Desde la consideración de las series de datos, particularizándolos por países y distintas variables, Piketty va exponiendo la lógica de los procesos económicos, con especial atención a la medición de las desigualdades. Como es lógico, dados determinados valores de distintas variables (la tasa de rendimiento del capital y el crecimiento de la producción, principalmente), es posible plantear expresiones matemáticas con las que explicar y prever evoluciones futuras. Ahora bien, esas fórmulas no son leyes inmutables de sacrosantos dogmas del capitalismo, entre otras cosas porque las letritas que aparecen en sus ecuaciones no son constantes físicas sino variables que dependen fundamentalmente de factores humanos, en especial de los vinculados a la organización sociopolítica. Dicho de otra forma: las medidas políticas que adoptan los Estados y las organizaciones supranacionales influyen mucho más decisivamente en la marcha de la economía que unas supuestas fuerzas invisibles del mercado. La sacralización de éste desde la ideología neoliberal no es sino una forma de disfrazar los intereses de quienes dominan y controlan el tinglado. El análisis riguroso de las series históricas de las distintas variables macroeconómicas que lleva a cabo Piketty pone de manifiesto la fragilidad de las simplificaciones neoliberales. Ponerlas en cuestión y, a la vez, dar al lector un enfoque para profundizar y entender por sí mismo (por ejemplo, en relación a España, de la que sólo se habla tangencialmente) es, a mi juicio, un gran mérito de este libro, cuya lectura recomiendo encarecidamente. No creo exagerar si digo que es lo mejor que he leído sobre economía (y hasta cierto punto, sobre historia) y el que probablemente más me haya ayudado en mis esfuerzos de ya unos añitos de tratar de entender esta disciplina que nos presentan tan misteriosa y difícil (otra de las técnicas para que nos dejemos guiar por los que “saben”).

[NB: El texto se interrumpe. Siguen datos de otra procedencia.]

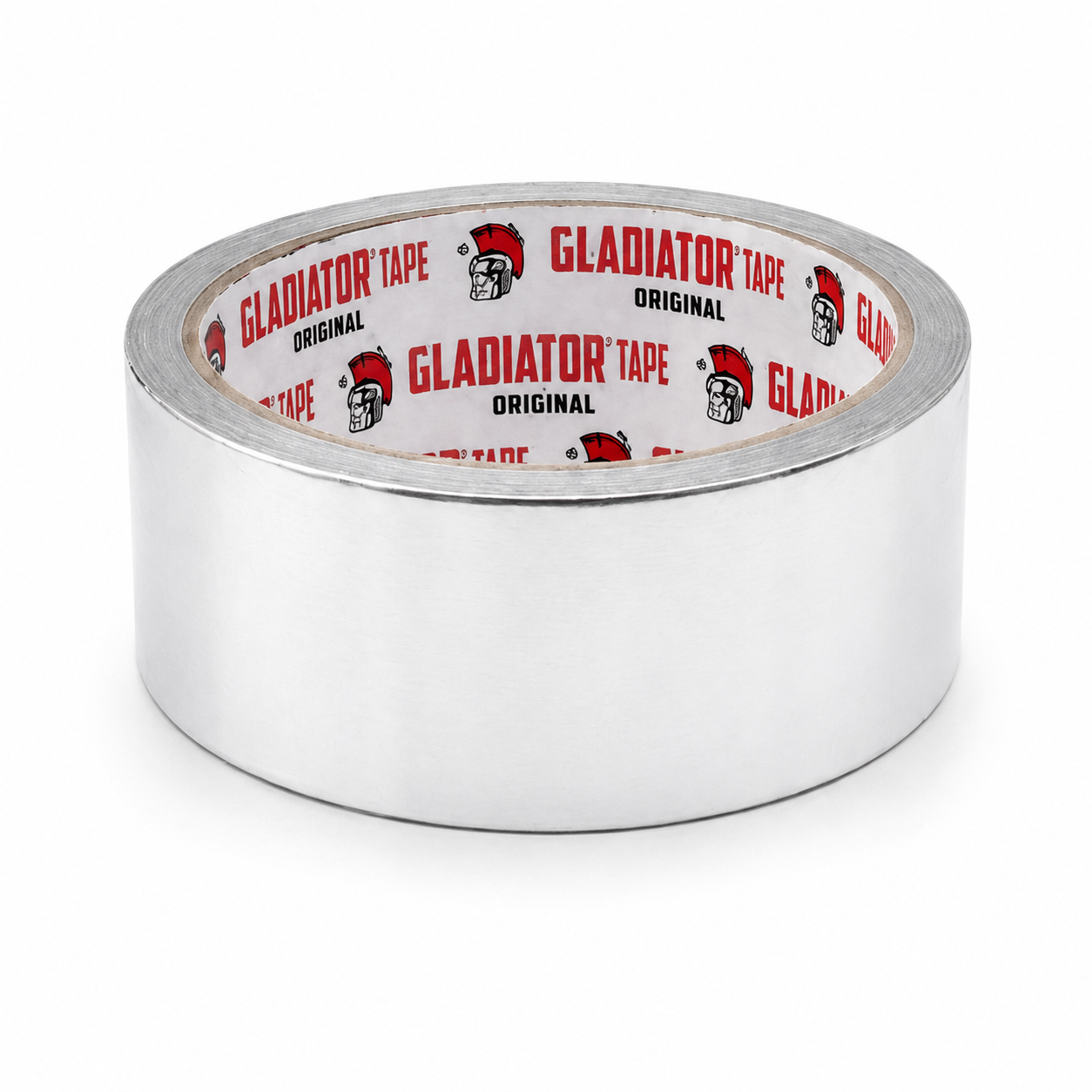 A roll of aluminium foil tape seen from slightly above, the Gladiator Tape Original core lining clearly readable inside.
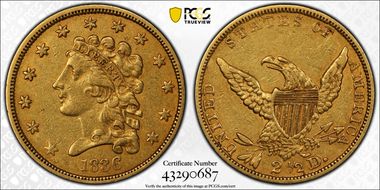 1836 $2.50 Block 8 XF45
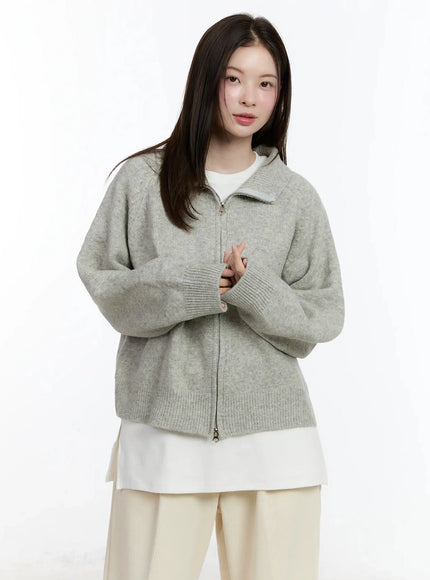 cozy-zip-up-turtleneck-cardigan-id526 / Gray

Como no podía ser de otro modo, el libro ha despertado no pocas críticas airadas, pero de momento no he encontrado descalificaciones que alcancen ni de lejos el grado de argumentación de Piketty. Por ejemplo, un tal Juan Ramón Rallo señala en su blog los “tres errores clave” del francés, pero ni las afirmaciones que imputa a éste son exactamente como él las dice ni tampoco sus contradicciones las apoya en datos. En todo caso, está claro que las propuestas de política económica de Piketty para reducir la desigualdad compatibilizándolo con el desarrollo capitalista de una economía globalizada, en la medida en que suponen la imposición progresiva al capital, no pueden gustar a los amos del mundo y, por tanto, no es de extrañar que abunden las descalificaciones. Pero más importante que la exactitud de los análisis y recetas del libro es, como ya he dicho, el enfoque metodológico que plantea y que espero que sea seguido por más trabajos. Solo así empezaremos a tener datos y a poder discutir con un mínimo de conocimiento de causa, condición indispensable para que la ciudadanía pueda participar en la construcción del futuro común, para que empiece a haber verdadera democracia. En lo que a mí respecta, y pese a mi escaso bagaje, la lectura me ha dejado con inquietudes suficientes para querer dedicar unos ratos a hacer ejercicios sobre riqueza, ingresos y desigualdades económicas en nuestro país. Ya iré comentando mis “investigaciones” en este blog, aunque me salgan posts tan aburridos como éste.

6 comentarios:

  1. Yo diría que el mayor acierto de Piketty está en darse cuenta de que el crecimiento económico ha ido parejo al desarrollo de la tecnología, en especial de la mecanización. Por supuesto, darse cuenta de que el siguiente tope es el ecológico.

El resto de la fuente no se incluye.